Crowdsourcing Interpretation / Praxis and Prism
Our goal in the Scholars’ Lab Praxis Program is to address methodological training in the humanities not just through workshops and courses, but by involving graduate students in digital projects from the ground up. This means learning by creating something – together – with all that entails: paying attention both to vision and detail; building facility with new techniques and languages not just as an academic exercise, but of necessity, and in the most pragmatic framework imaginable; acquiring the softer skills of collaboration (sadly, an undiscovered country in humanities graduate education) and of leadership (that is, of credible expertise, self-governance, and effective project management). All this also involves learning to iterate and to compromise – and when to stop and ship.

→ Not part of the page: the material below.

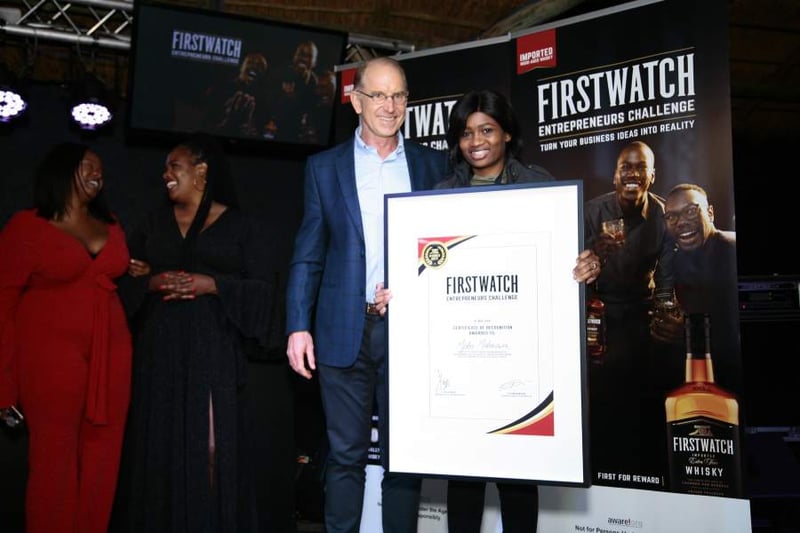 REWARDING ENTREPRENEURS – ENRICHING COMMUNITIES  Firstwatch announces 2021 initiative to support entrepreneurs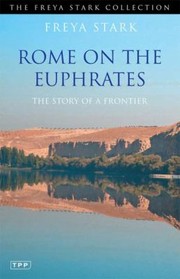 Cover of: Rome On The Euphrates The Story Of A Frontier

To do this, our Praxis team needed a project. We wanted it to be a fresh one, something they could own. It was important to us that the project only be in service to the program – that its intellectual agenda was one our students could shape, that they set the tone for the collaboration, and that – as much as possible – it be brand-spanking-new, free from practices and assumptions (technical or social) that might have grown organically in a pre-existing project and which we might no longer recommend.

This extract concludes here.